January 28. I've been thinking more about elite overproduction, which I last wrote about on November 2. This has probably happened in every declining society in history: there are more people raised to feel entitled to something, than the number of people who can actually have it.

I want to break these things up into three categories. First is luxuries, like having a big house and a nice car. Second is livelihood, spending your time doing stuff you like, while depending on other people doing stuff they don't like. Third is status.

My definition of status is narrow and negative. Status is a mental illness, in which human value is framed in a zero-sum context; so you can't be a better person unless one or more other people are less good. A person afflicted with status is happier if they have a Lexus and everyone else has a Ford, than if everyone else also has a Lexus. This is part of human nature, but that's no excuse for not overcoming it.

The cure for status is to practice valuing yourself and your life in absolute terms, instead of relative to other people.

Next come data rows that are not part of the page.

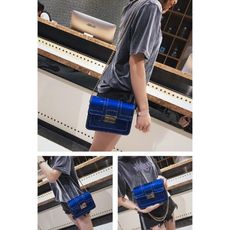 ins超火新品少女小包ulzzang斜挎小方包2018新款漆皮鏈條單肩女包 斜挎包 四色可選 單肩包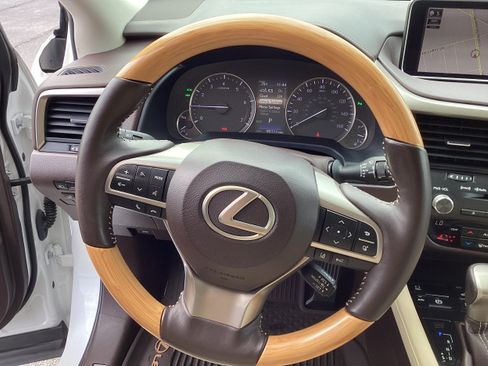 Used 2019 Lexus RX 350L AWD image 18
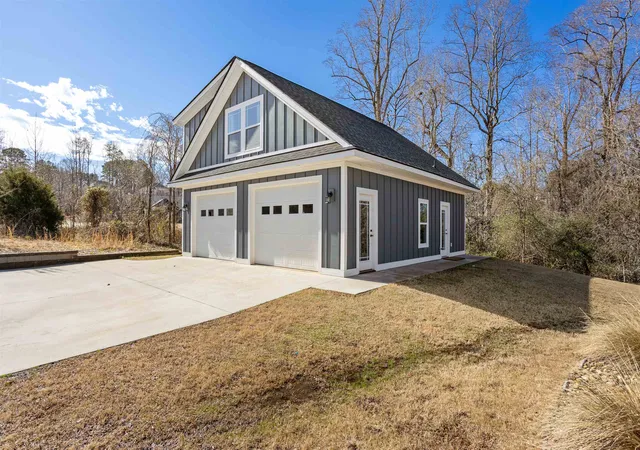 Photo 3 of Single family home for sale at 814 Campobello Gramling School Rd, Campobello, SC 29322 | MLS# SPN340937 | Listing updated on 2026-09-02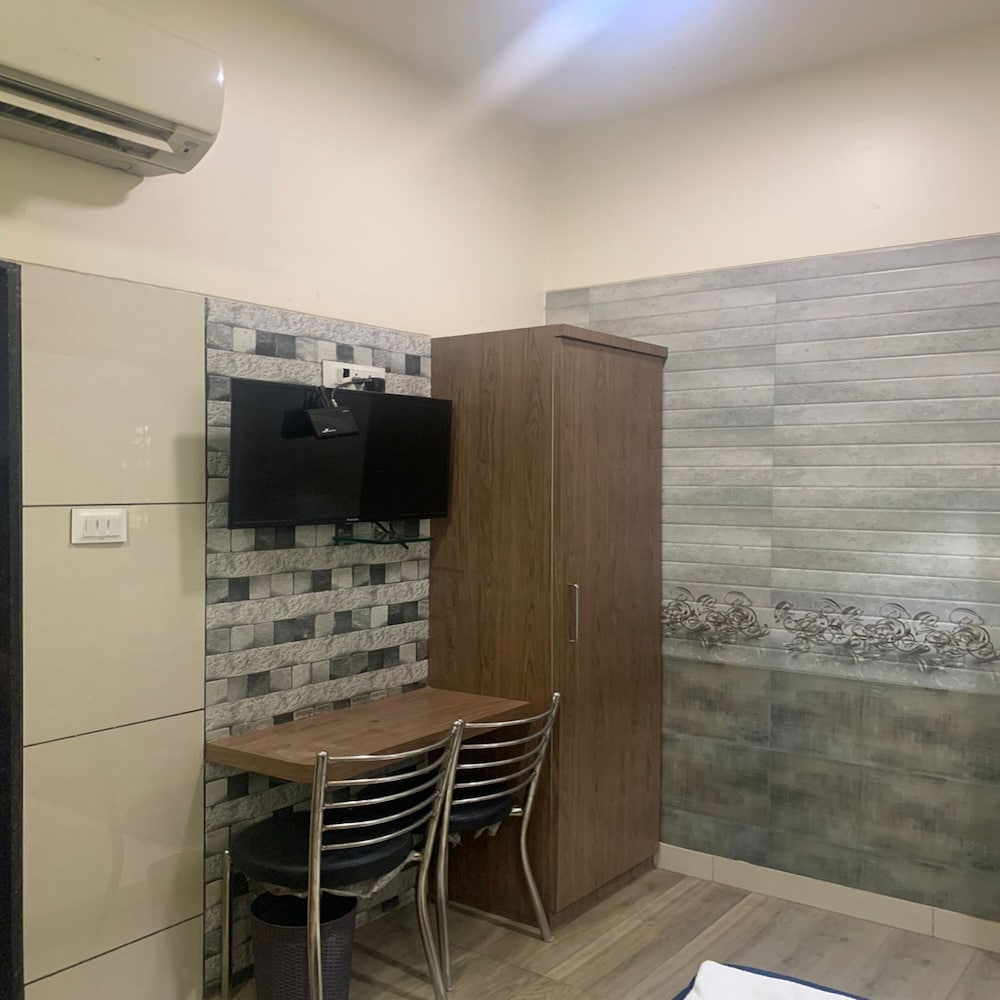 Mumbai Vacations - Hotel Royal Residency - Property Image 6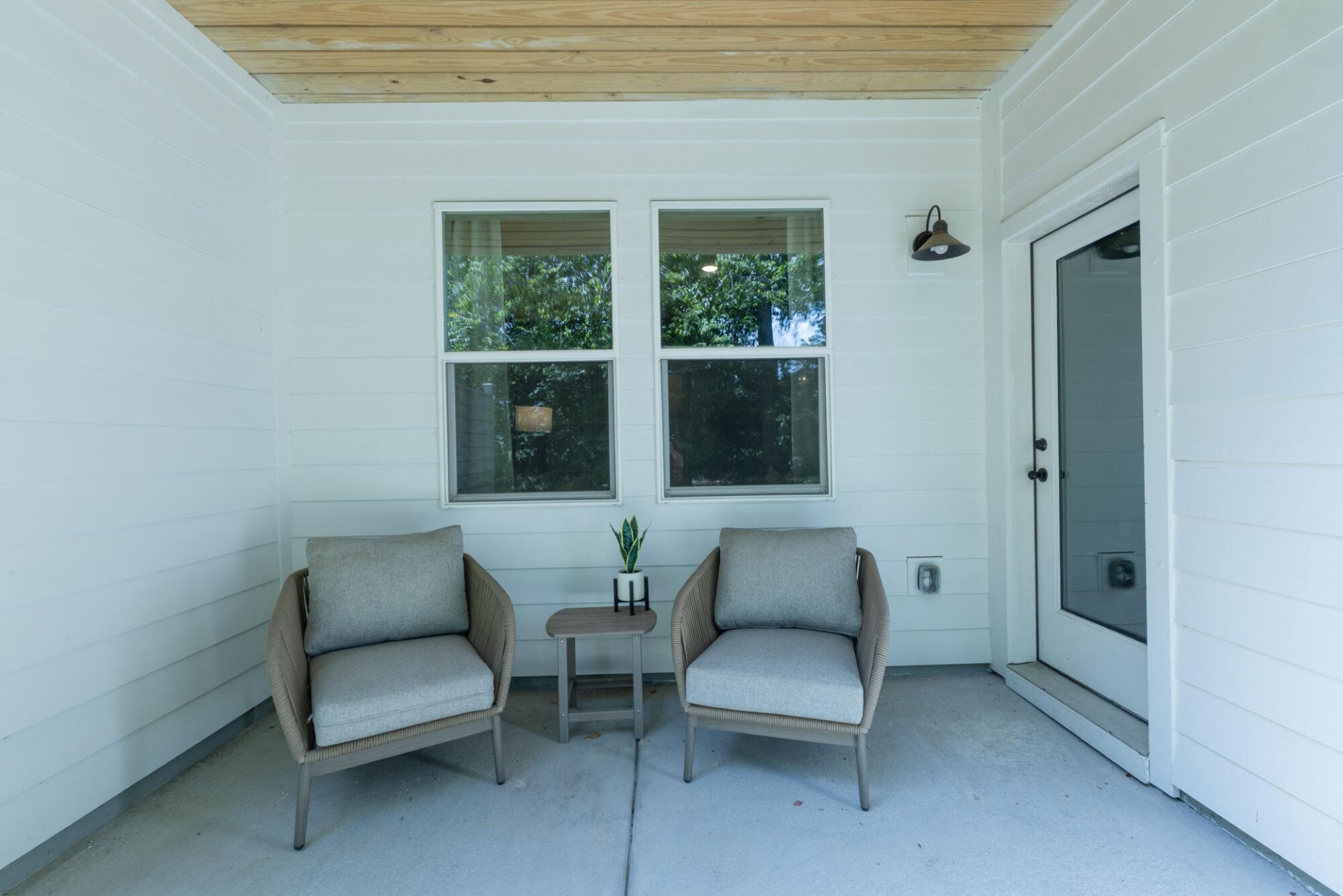 5200 New Palm Court Photo 15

This is a good time to practice that. The cure for loss of luxuries is similar: valuing what you have in absolute terms, or relative to your basic needs, instead of relative to what you thought you'd have.

Livelihood is the one that worries me, because so many of the tasks necessary to keep this society going, are so unenjoyable, that it's not realistic to value them, except as a means to luxury and status that you're not going to get. This is especially true if you don't value keeping this society going. That's why I continue to think that the main factor in the present collapse is scarcity of human motivation -- or the transfer of human motivation, away from acts of creation and preservation, and toward acts of destruction.